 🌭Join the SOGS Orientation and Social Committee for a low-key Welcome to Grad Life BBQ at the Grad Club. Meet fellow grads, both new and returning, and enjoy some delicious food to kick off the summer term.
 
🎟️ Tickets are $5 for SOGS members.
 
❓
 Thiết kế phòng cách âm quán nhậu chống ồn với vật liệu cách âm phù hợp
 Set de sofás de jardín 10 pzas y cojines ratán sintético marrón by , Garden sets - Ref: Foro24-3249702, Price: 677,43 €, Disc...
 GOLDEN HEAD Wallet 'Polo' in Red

...

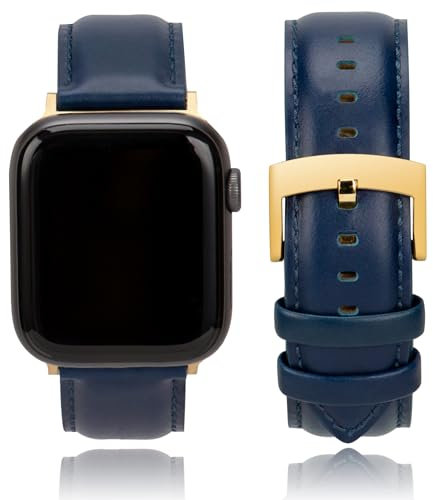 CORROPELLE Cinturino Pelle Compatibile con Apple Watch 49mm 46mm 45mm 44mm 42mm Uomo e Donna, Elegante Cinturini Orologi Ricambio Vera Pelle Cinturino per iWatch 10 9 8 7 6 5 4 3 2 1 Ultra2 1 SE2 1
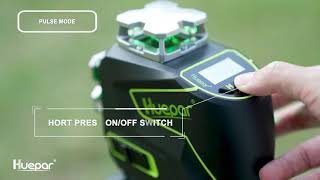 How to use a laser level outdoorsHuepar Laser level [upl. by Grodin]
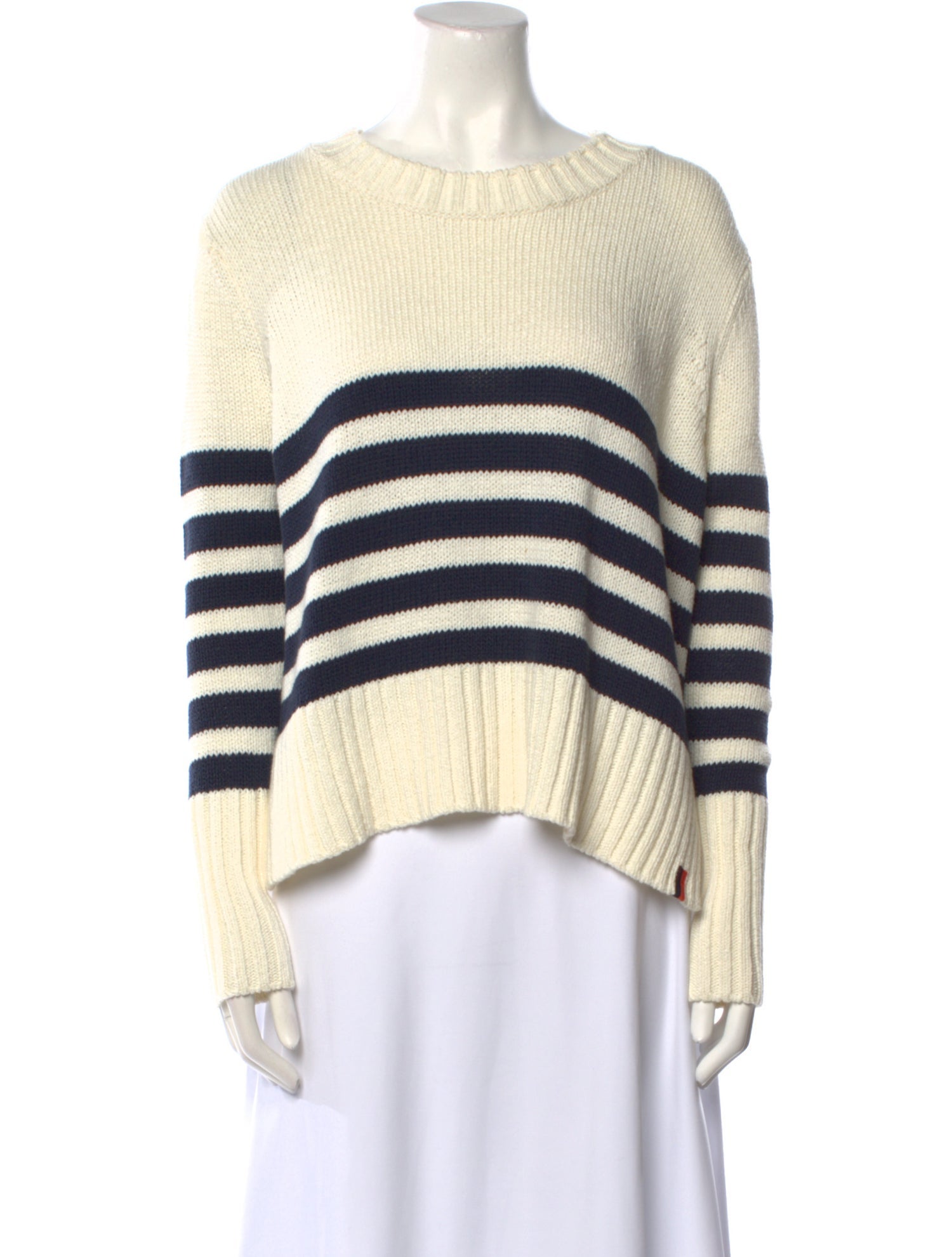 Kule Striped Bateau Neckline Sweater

---

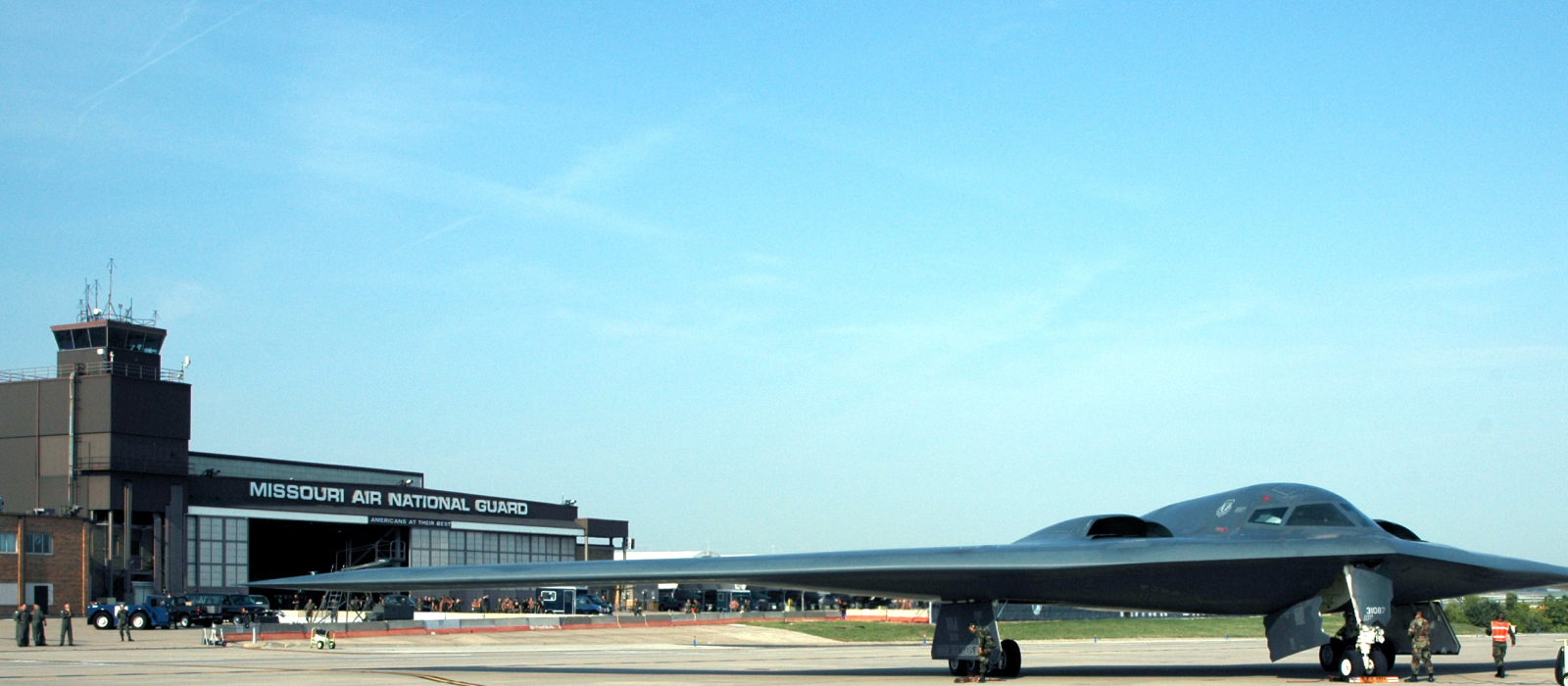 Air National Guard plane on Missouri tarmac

▶ EXERCISE PROMPT: When a line in the data contains the string "SOGS", copy that line.

▶ TASK RESPONSE:
 🌭Join the SOGS Orientation and Social Committee for a low-key Welcome to Grad Life BBQ at the Grad Club. Meet fellow grads, both new and returning, and enjoy some delicious food to kick off the summer term.
🎟️ Tickets are $5 for SOGS members.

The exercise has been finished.